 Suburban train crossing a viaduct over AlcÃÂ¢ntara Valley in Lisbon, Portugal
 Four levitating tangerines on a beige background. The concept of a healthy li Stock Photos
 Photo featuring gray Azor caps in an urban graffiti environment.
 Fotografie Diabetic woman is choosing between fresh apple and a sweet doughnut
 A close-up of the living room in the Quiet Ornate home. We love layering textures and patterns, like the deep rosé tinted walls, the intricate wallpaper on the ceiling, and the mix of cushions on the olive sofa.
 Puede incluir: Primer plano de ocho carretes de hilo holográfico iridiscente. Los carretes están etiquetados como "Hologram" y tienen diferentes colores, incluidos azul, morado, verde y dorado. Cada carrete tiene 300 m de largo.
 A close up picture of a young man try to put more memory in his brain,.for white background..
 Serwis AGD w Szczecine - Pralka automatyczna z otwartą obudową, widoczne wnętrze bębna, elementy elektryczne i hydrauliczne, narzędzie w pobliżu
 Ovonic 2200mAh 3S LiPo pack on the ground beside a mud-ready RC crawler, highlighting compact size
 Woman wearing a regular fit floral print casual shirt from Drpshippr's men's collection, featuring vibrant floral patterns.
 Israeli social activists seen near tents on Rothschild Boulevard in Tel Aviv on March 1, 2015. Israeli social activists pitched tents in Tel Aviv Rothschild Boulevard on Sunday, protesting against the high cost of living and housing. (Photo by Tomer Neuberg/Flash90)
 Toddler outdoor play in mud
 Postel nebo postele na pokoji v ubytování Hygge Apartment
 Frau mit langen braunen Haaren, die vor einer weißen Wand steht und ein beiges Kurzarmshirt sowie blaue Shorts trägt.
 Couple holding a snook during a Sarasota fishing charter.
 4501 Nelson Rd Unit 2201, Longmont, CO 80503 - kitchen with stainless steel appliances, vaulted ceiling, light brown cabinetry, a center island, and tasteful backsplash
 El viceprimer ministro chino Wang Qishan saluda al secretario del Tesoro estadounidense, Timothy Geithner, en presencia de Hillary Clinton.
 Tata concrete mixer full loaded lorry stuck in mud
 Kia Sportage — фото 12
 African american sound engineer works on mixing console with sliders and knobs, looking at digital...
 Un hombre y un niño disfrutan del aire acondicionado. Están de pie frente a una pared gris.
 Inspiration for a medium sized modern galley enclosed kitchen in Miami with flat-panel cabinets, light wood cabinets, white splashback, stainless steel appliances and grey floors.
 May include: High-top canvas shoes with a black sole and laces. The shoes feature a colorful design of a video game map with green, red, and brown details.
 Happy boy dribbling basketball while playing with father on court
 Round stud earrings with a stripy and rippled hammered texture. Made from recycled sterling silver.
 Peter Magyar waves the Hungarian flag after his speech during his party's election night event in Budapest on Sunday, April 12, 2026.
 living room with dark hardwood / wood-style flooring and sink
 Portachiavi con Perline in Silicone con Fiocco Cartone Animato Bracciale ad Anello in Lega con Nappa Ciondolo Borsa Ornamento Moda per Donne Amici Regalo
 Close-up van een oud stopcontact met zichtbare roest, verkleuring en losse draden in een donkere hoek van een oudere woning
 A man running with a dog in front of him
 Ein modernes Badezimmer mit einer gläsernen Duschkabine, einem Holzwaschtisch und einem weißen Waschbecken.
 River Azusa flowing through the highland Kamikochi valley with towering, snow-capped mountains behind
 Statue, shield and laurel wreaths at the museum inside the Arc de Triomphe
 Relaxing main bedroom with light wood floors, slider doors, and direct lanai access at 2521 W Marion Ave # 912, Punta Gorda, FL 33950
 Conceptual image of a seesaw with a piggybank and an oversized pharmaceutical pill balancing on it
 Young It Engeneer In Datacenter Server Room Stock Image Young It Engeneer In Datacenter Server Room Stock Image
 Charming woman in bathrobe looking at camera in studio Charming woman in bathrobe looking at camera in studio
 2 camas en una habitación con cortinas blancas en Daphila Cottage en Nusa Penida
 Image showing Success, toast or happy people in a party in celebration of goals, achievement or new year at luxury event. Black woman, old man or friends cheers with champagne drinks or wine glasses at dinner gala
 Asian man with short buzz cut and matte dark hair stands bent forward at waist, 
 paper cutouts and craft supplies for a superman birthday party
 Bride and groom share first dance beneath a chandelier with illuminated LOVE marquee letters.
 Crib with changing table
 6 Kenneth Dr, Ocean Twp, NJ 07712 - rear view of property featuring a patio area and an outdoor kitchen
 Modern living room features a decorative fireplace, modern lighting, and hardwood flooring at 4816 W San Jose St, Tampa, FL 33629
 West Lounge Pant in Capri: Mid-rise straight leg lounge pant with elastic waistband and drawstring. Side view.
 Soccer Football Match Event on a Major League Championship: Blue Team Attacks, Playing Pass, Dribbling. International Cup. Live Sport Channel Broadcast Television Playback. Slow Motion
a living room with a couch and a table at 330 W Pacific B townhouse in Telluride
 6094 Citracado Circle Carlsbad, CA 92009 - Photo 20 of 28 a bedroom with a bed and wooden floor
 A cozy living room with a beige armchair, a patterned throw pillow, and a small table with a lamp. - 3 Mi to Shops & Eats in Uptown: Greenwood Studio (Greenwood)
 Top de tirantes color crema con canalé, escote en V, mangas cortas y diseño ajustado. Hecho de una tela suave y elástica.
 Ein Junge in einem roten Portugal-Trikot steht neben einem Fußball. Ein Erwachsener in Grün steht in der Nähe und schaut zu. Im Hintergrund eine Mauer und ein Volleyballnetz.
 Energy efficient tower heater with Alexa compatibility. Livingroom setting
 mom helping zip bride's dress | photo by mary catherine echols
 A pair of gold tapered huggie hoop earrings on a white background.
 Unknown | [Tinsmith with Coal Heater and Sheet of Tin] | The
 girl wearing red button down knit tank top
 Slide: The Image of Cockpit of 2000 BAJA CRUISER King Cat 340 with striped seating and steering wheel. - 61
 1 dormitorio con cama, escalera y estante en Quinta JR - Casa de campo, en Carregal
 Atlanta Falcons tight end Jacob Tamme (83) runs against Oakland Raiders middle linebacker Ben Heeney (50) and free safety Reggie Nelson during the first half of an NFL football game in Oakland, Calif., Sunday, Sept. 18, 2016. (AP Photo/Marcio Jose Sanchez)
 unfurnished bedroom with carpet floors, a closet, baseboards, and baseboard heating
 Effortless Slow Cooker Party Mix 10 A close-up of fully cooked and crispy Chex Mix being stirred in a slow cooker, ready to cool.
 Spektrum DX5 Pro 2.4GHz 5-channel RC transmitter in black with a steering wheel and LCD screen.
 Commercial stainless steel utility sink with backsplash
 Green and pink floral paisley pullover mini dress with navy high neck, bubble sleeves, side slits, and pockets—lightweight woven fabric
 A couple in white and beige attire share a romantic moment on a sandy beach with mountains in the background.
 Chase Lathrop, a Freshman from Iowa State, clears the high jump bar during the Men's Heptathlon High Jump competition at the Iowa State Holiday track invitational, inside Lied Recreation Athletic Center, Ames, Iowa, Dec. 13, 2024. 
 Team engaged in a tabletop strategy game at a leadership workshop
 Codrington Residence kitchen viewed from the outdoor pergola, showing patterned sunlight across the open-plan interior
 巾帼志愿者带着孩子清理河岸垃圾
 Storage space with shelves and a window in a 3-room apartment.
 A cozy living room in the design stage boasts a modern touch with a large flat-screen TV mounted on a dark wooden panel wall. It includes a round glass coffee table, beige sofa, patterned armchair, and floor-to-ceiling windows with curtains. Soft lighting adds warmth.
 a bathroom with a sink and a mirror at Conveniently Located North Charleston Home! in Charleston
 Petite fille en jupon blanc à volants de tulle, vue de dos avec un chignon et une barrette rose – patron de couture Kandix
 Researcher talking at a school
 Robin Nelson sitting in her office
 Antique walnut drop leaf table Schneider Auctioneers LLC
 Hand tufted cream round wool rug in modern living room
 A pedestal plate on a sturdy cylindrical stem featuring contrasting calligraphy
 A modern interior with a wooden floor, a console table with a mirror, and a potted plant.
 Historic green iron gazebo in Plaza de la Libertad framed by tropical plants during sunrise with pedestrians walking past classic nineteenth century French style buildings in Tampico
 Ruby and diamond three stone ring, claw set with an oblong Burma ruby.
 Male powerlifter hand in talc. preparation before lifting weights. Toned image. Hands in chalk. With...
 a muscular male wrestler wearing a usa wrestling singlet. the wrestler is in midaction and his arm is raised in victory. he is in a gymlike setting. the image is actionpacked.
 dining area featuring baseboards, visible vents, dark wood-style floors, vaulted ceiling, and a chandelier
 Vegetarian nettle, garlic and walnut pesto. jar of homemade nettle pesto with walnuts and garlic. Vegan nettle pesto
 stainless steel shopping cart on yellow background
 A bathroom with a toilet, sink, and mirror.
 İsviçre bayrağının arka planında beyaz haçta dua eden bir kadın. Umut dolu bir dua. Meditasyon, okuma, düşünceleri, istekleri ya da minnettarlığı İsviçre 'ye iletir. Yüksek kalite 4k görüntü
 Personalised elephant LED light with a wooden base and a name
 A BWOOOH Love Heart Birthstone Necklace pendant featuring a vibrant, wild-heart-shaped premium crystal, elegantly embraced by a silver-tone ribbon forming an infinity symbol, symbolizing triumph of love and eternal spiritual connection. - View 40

=-=-=

### PROBLEM
Match on "steht" and report each line of the data above that has it.

### WRITTEN RESPONSE
 Frau mit langen braunen Haaren, die vor einer weißen Wand steht und ein beiges Kurzarmshirt sowie blaue Shorts trägt.
 Ein Junge in einem roten Portugal-Trikot steht neben einem Fußball. Ein Erwachsener in Grün steht in der Nähe und schaut zu. Im Hintergrund eine Mauer und ein Volleyballnetz.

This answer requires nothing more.